Hi Fabio, if you are analysing the interaction of X and Z (XZ), it is necessary to include both X and Z, otherwise the interaction effexc might be confounded with the main effects of the lacking variable (see classical texts on interaction such as...
Cohen, J., Cohen, P., West, S. G., & Aiken, L. S. (2013). Applied multiple regression/correlation analysis for the behavioral sciences. Routledge.
Aiken, L. S. & West, S. G. (1991). Multiple regression: Testing and interpreting interactions. Sage.
Jaccard, J., & Turrisi, R. (2003). Interaction effects in multiple regression (Vol. 72). Sage.
If you are including X and XZ without including Z as a regressor you are almost automatically facing a problem of omitted variable bias.
This is the case, because you do not know whether the coefficient on the interaction term does capture the "effect" of the interaction and/or the effect of the omitted variable, i.e. Z.

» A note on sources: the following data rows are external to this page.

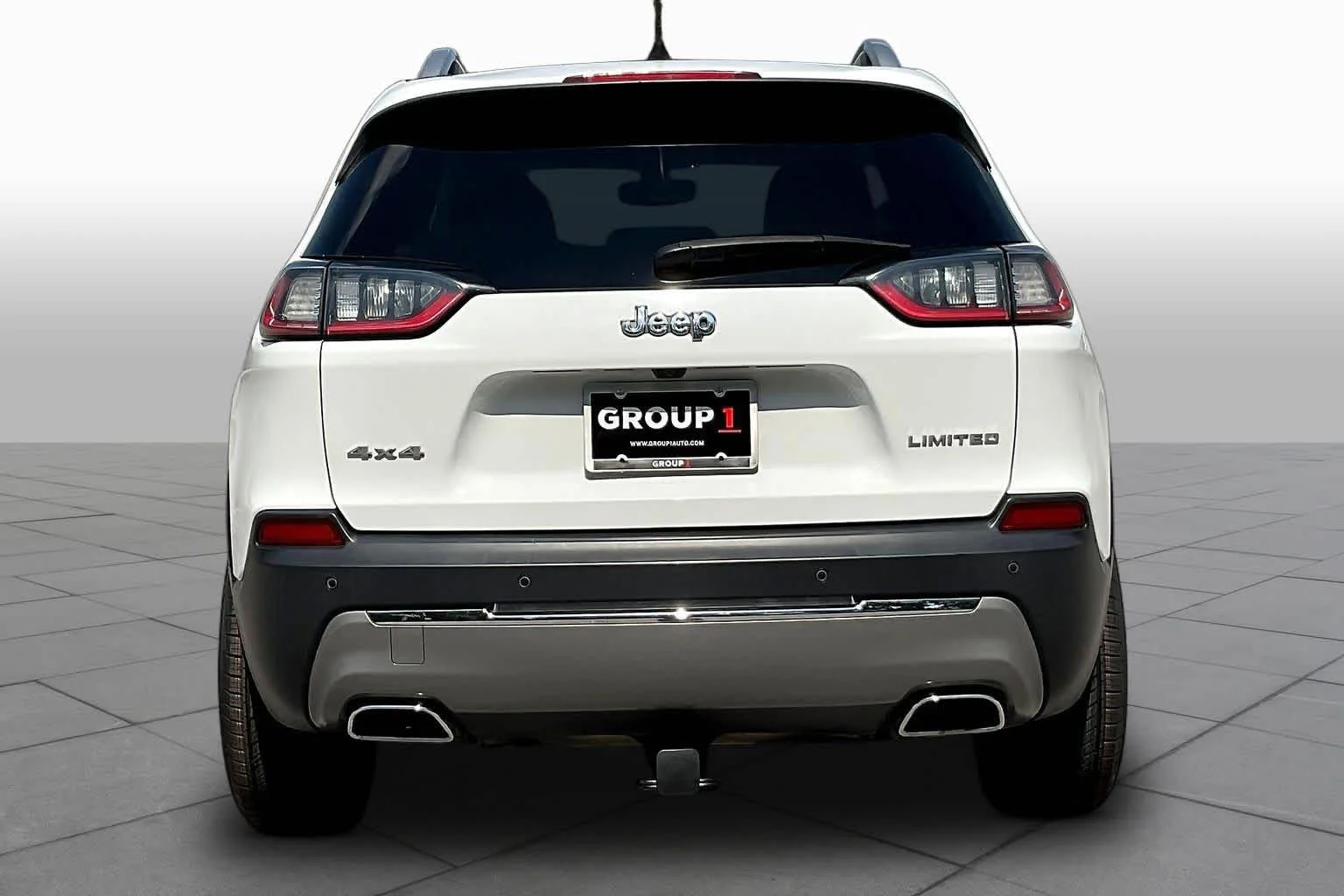 Used 2020 Bright White Clearcoat Jeep Limited image 4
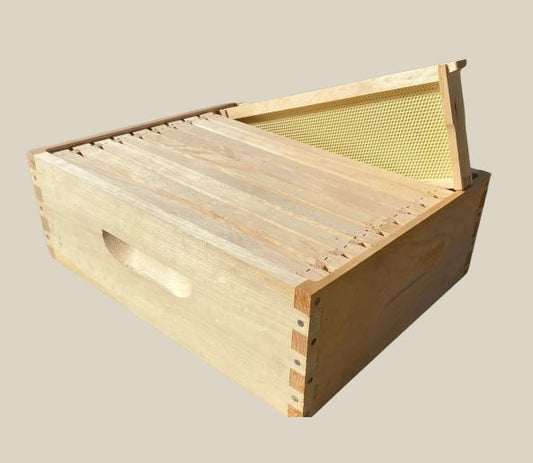 Expansion Kit, Medium, Assembled, with 10 Frames with Waxed Plastic Foundations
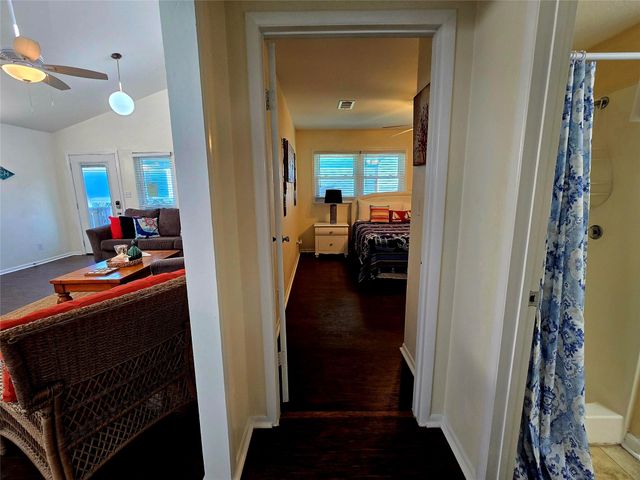 12929 John Reynolds Road, Galveston, TX 77554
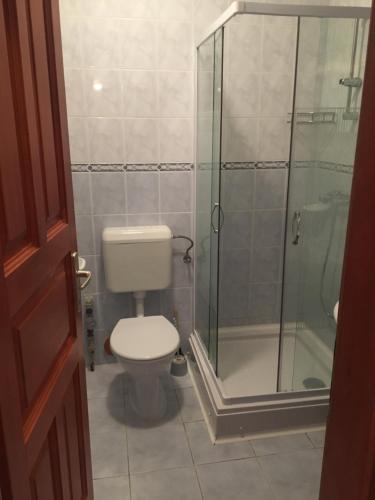 Kúpeľňa v ubytovaní medencés önálló 4 fős 2 légterű, felszerelt földszinti apartman, terasszal, wi-fivel, 30 méterre a strandtól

Theoretically speaking if you are dealing with the long run this question is very important as it has to do with the transversality condition (see for e.g. Lucas, Prescott and Stokey, Macroeconomic Dynamics, HUP book). In the short run and in cross section I think the answer has to come from the model you are intrepreting. Correlations carry information by themselves as for e.g. the CAPM tells us. However there is a lot of debate in the growth and development economics literature which deals with the specific importance of correlations as well as levels. However, you can refer to my RG page and the stock pricing and banking convergence papers which show that the predictive power increases when you include both, which means that you can also include the second variable in scale also. SKM QC
Adding variable(s) and or interaction between variables to the model should be determined by theory and previous research. You may lastly depend on logical basis
It makes no sense to include an interaction between two factors (qualitative variable|) and to exclude the main effect of either factor. See the following paper for the reasons: Nelder, J. A. (1977). "A Reformulation of Linear Models". Journal of the Royal Statistical Society 140 (1): 48–77. doi:10.2307/2344517. Some software (e.g. GenStat) allows you to fit a two-way effect between two factors without explicitly fitting the main effect(s), but it is then automatically interpreted as including the main effect(s) along with the interaction. Other software (e.g. SAS) actually uses models with no main effect nonsensically in the calculation of Type III and IV sums of squares; see Nelder JA, Lane PW (1995) The computer analysis of factorial experiments: in memoriam Frank Yates. The American Statistician 49, 382-385. However, if you consider the variation of the effect of a variate (quantitative variable) among the levels of a factor to be an "interaction" between the factor and the variate, then it can make sense to fit a model with such an interaction but not the main effect of the factor (but you still need the "main" effect of the variate).